**PROBLEM TO WORK ON**
Go to the line containing "Hello, and thanks" and retype it and every later line exactly as written, up to the last line of the entries. Keep pictures out.

**AVAILABLE RECORDS**

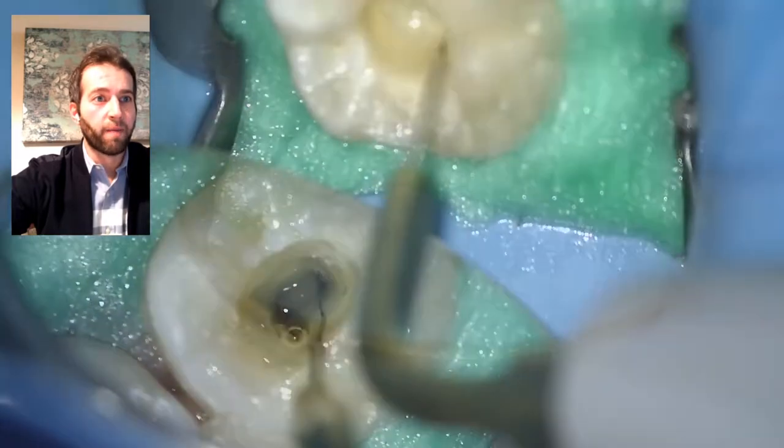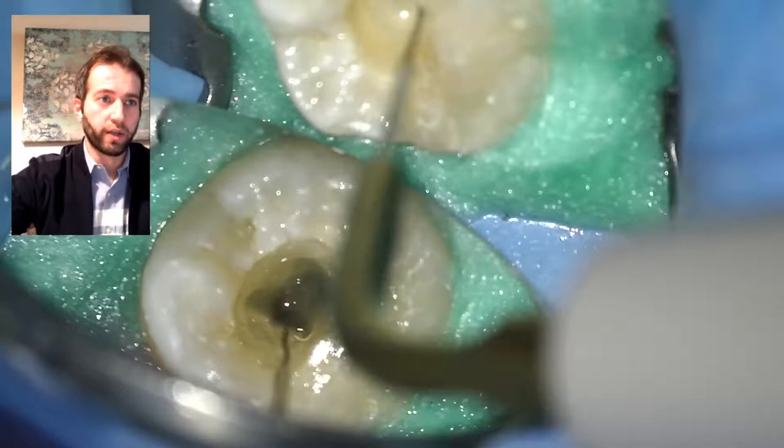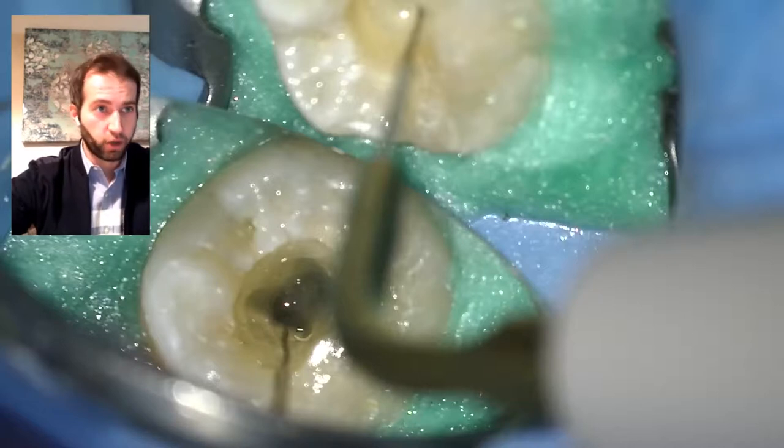This is EDTA — it removes the smear layer. You do it for one minute, or as I do, 30 seconds with ultrasonic activation just to speed things up. EDTA removes the smear layer, which is the inorganic layer that sodium hypochlorite cannot touch because sodium hypochlorite only removes the organic layer. This opens up the tubules for better penetration of your sealer and gutta-percha.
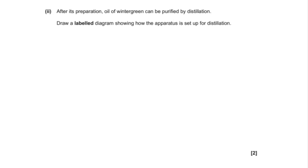Now for a past exam paper question. It asks about a substance called oil of wintergreen: after its preparation, oil of wintergreen can be purified by distillation. Draw a labelled diagram showing how the apparatus is set up for distillation — two marks available. Pause the video and have a go at sketching the apparatus from memory before I show you the mark scheme.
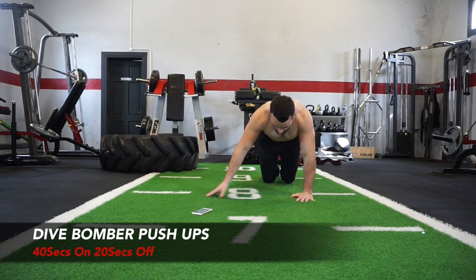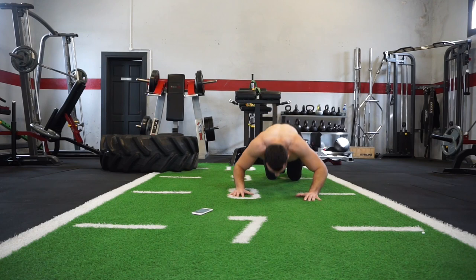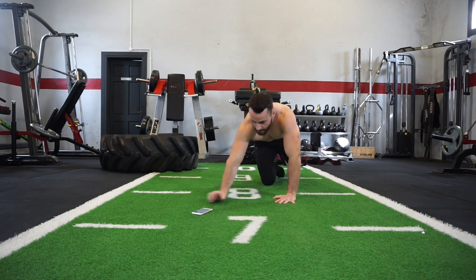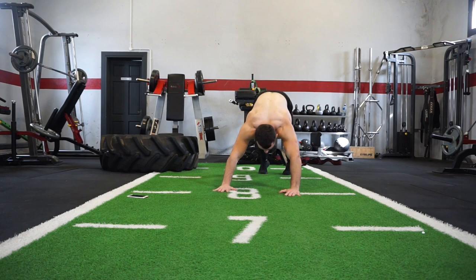I'll show this before I hit the timer — hips up high, dive right down, and then fully extend right back up into your starting position. Now if that's too difficult, drop to your knees on all these variations to make it easier. Dive bomb push-up, 10-second countdown, let's get ready to smash the workout — 5 exercises, that's all it is. 3, 2, 1, here we go.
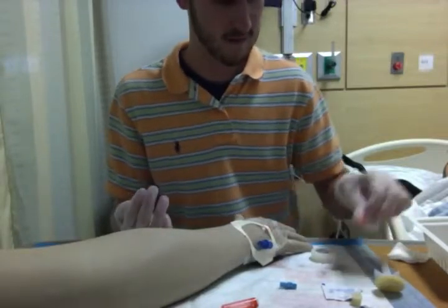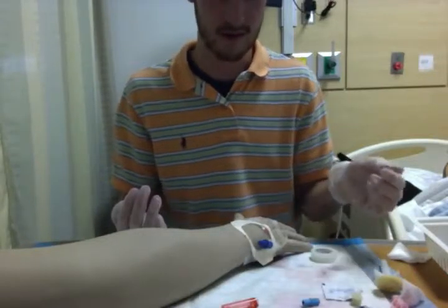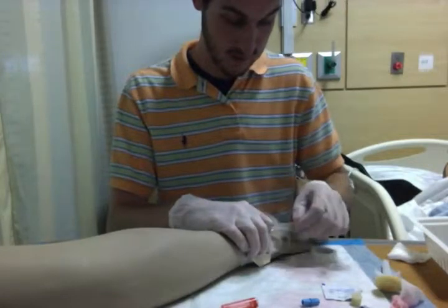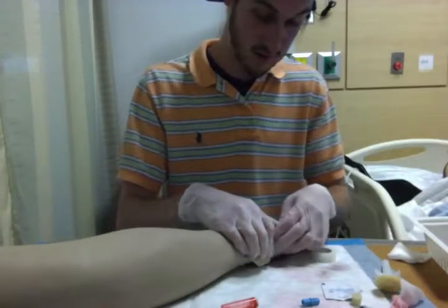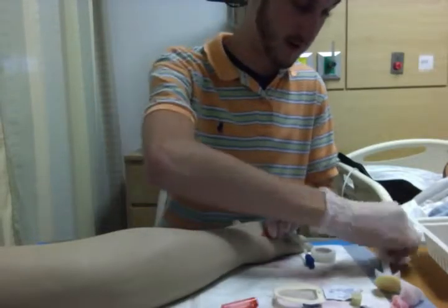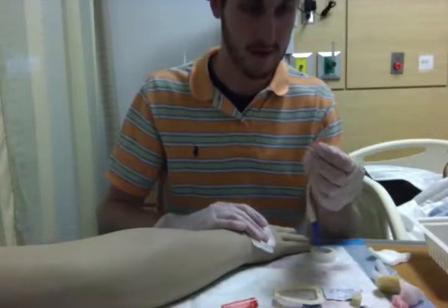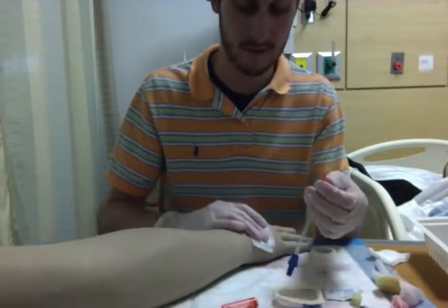Then clean up my supplies and put everything in the trash that needed to be. To discontinue it, I would come back in, take off the tape, take the Tegaderm off, and get my gauze. Make sure to apply pressure on the site, and then slowly pull out and inspect the angiocath once I take it out, to make sure that there's no piece of it breaking off.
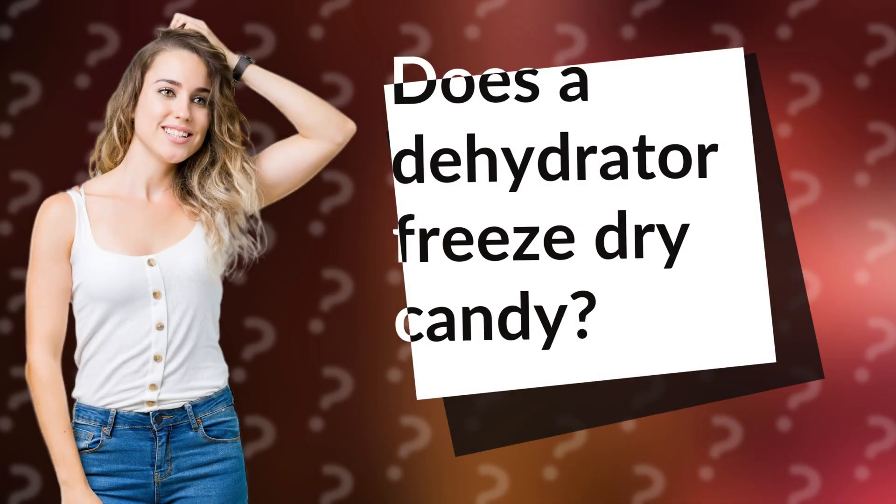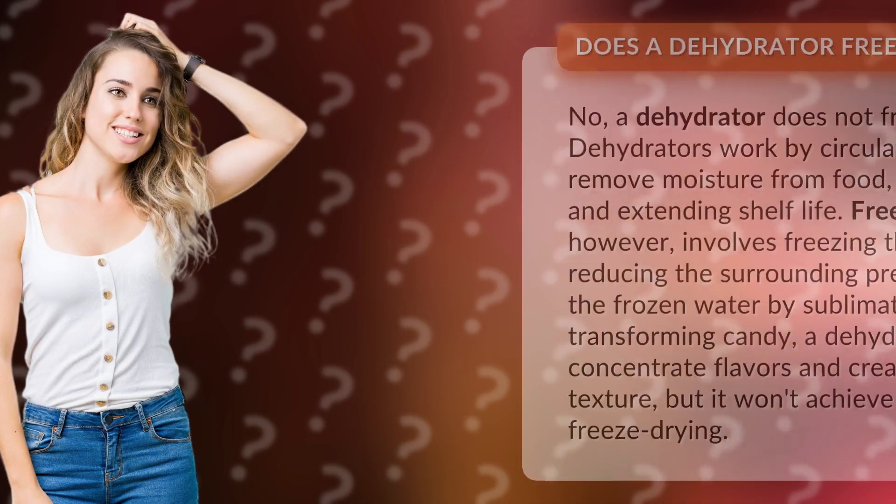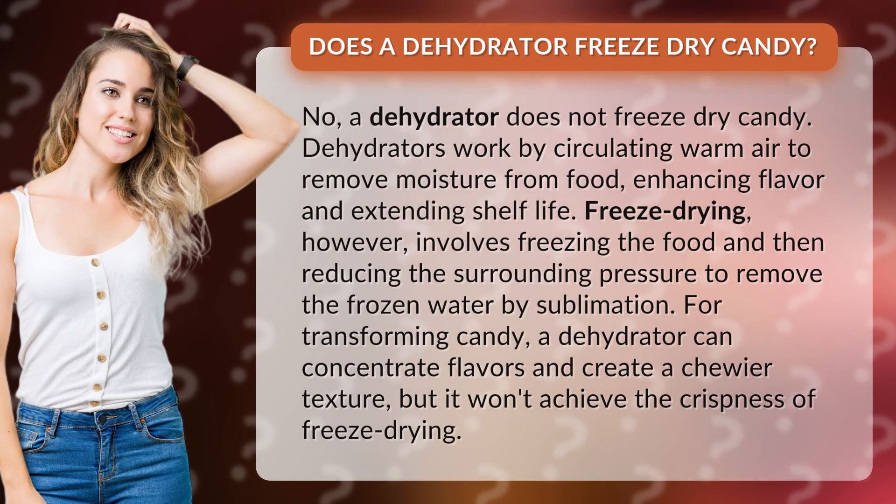Does a dehydrator freeze dry candy? No, a dehydrator does not freeze dry candy. Dehydrators work by circulating warm air to remove moisture from food, enhancing flavor and extending shelf life. Freeze drying, however, involves freezing the food and then reducing the surrounding pressure to remove the frozen water by sublimation.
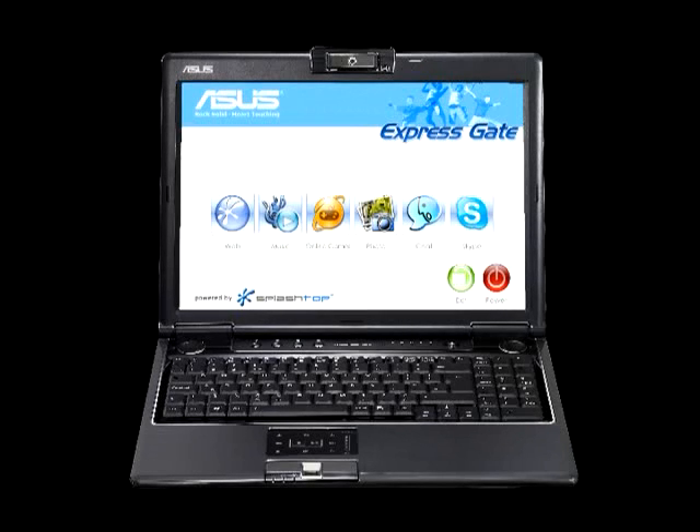Hello, and thanks for watching our short introduction to Splashtop. We're going to tell you how the Splashtop environment gets you to your favorite web application seconds after you hit the power button.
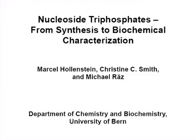The overall goal of this video is to demonstrate the procedure from synthesis of the modified nucleoside triphosphates to their complete biochemical characterization.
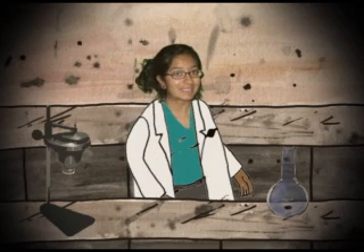Hi everyone! This is Professor Vahini from Space Station Zero. With today's experiment we will make popcorn dance, believe it or not.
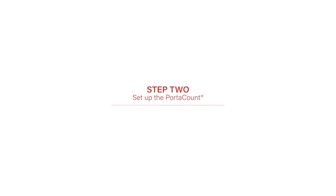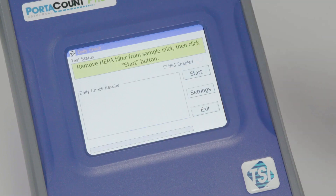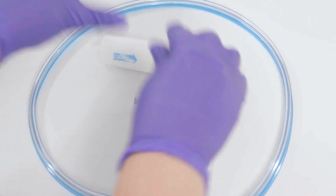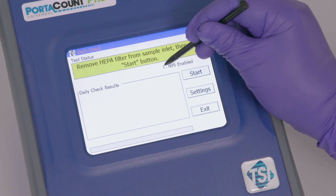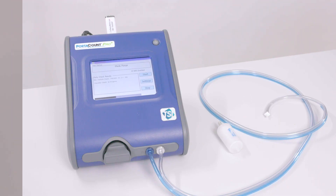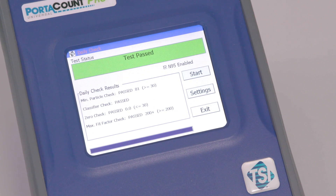Step two: set up the PortaCount. Be sure to conduct all daily checks and regular maintenance on your equipment to ensure the machine is working properly. These checks will provide confidence in the test results measured. Once you have conducted your daily checks and have confidence there are no leaks in the testing equipment, you may begin testing.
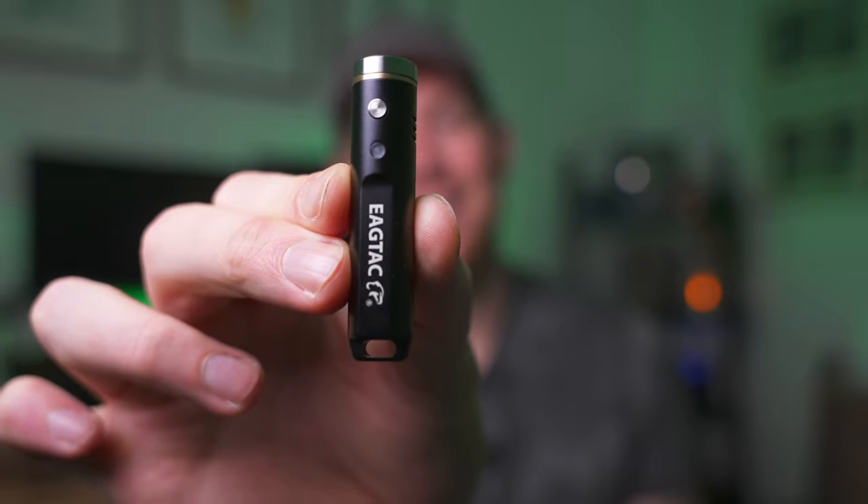The EGTACTINI DX3E — this flashlight that fits in the palm of your hand has 1000 lumens.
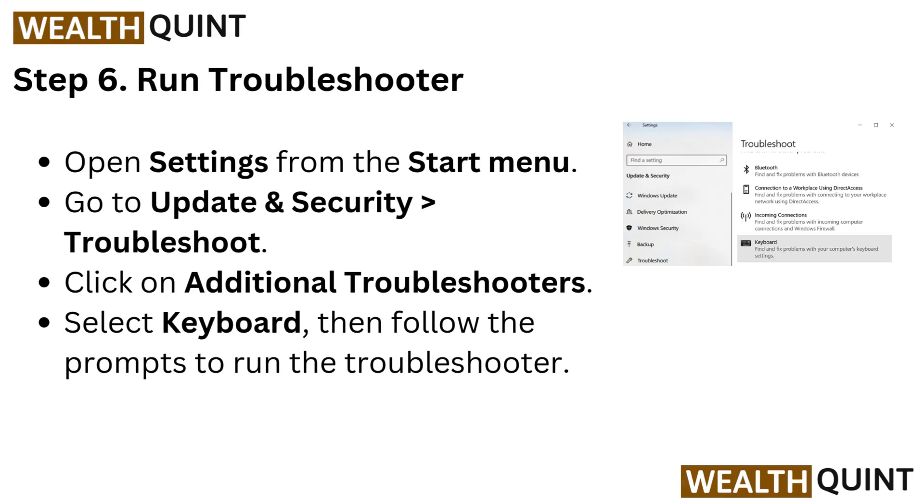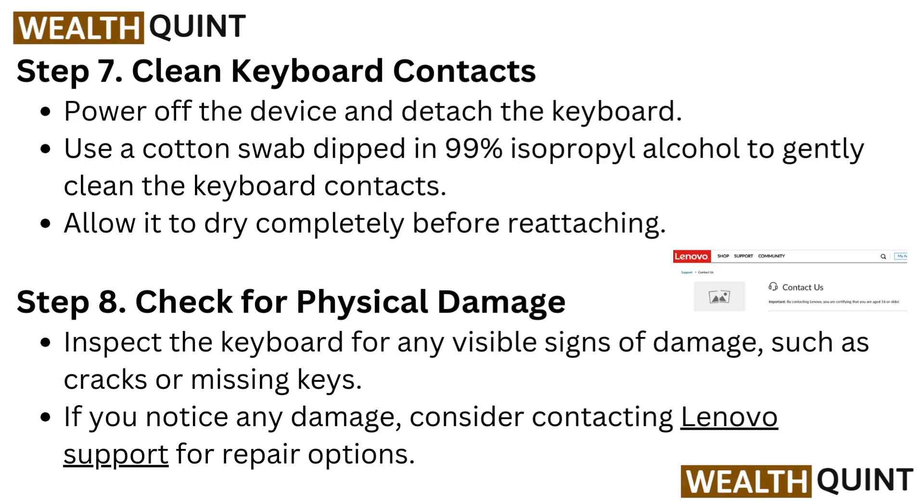Step 6: Run Troubleshooter. Open Settings from the Start menu. Go to Update and Security, then go to Troubleshoot. Click on Additional Troubleshooters, select Keyboard, then follow the prompts to run the troubleshooter.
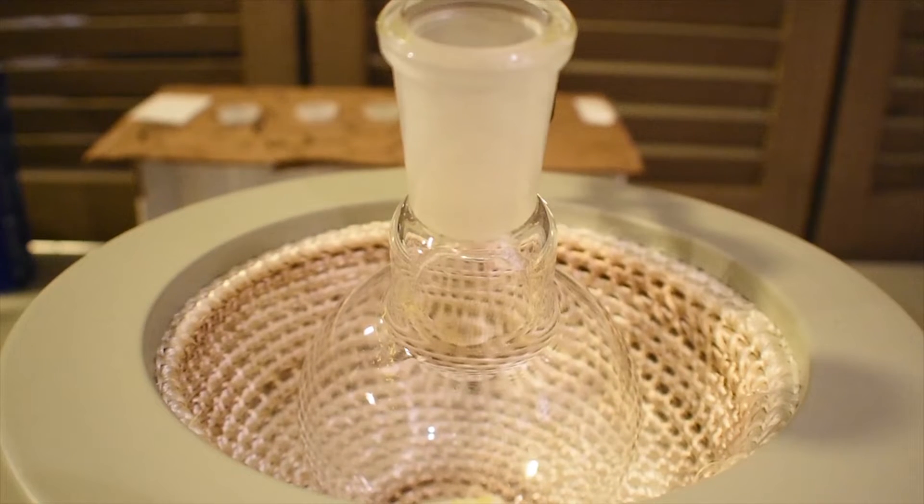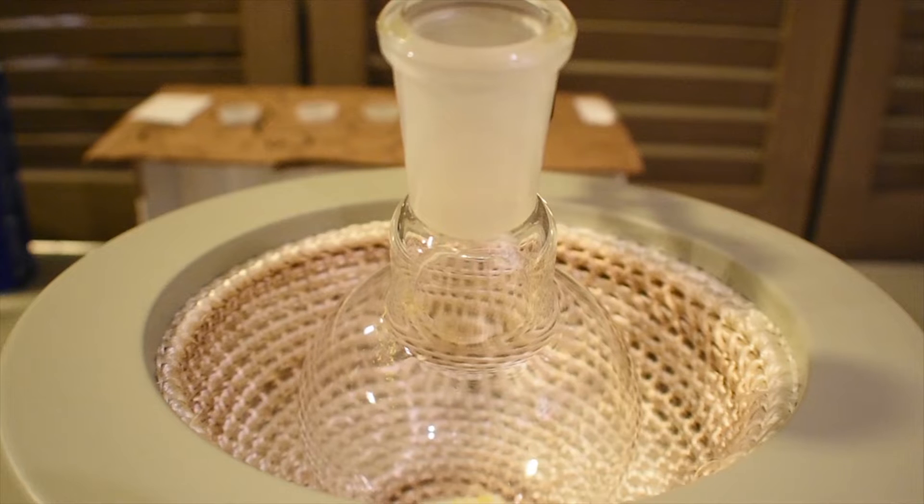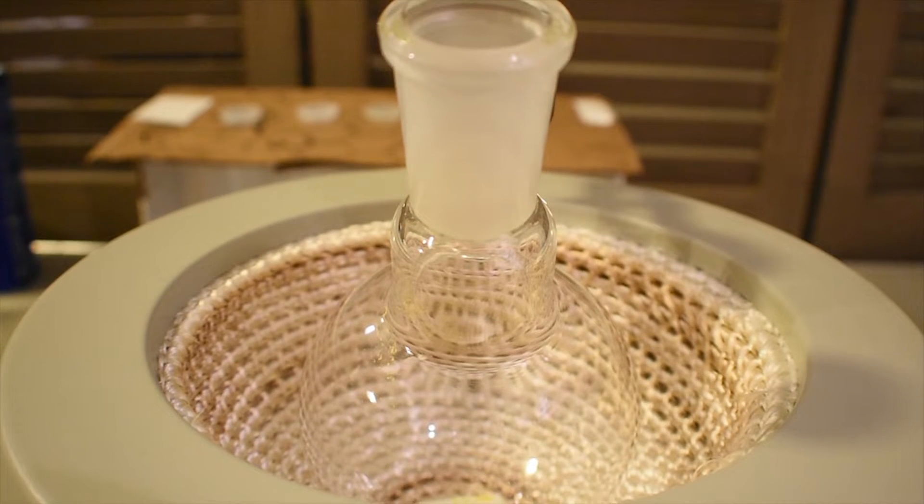After you've weighed out all of your materials, go ahead and load them into a — I'm using a 250 milliliter round bottom flask. You only need to add the Vanadium Pentoxide, water, ethanol, and sulfuric acid. Do not add the acetylacetone or sodium carbonate yet.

**RESULT**
Hello, and thanks for watching our short introduction to Splashtop. We're going to tell you how the Splashtop environment gets you to your favorite web application seconds after you hit the power button.
The overall goal of this video is to demonstrate the procedure from synthesis of the modified nucleoside triphosphates to their complete biochemical characterization.
Hi everyone! This is Professor Vahini from Space Station Zero. With today's experiment we will make popcorn dance, believe it or not.
Step two: set up the PortaCount. Be sure to conduct all daily checks and regular maintenance on your equipment to ensure the machine is working properly. These checks will provide confidence in the test results measured. Once you have conducted your daily checks and have confidence there are no leaks in the testing equipment, you may begin testing.
The EGTACTINI DX3E — this flashlight that fits in the palm of your hand has 1000 lumens.
Step 6: Run Troubleshooter. Open Settings from the Start menu. Go to Update and Security, then go to Troubleshoot. Click on Additional Troubleshooters, select Keyboard, then follow the prompts to run the troubleshooter.
After you've weighed out all of your materials, go ahead and load them into a — I'm using a 250 milliliter round bottom flask. You only need to add the Vanadium Pentoxide, water, ethanol, and sulfuric acid. Do not add the acetylacetone or sodium carbonate yet.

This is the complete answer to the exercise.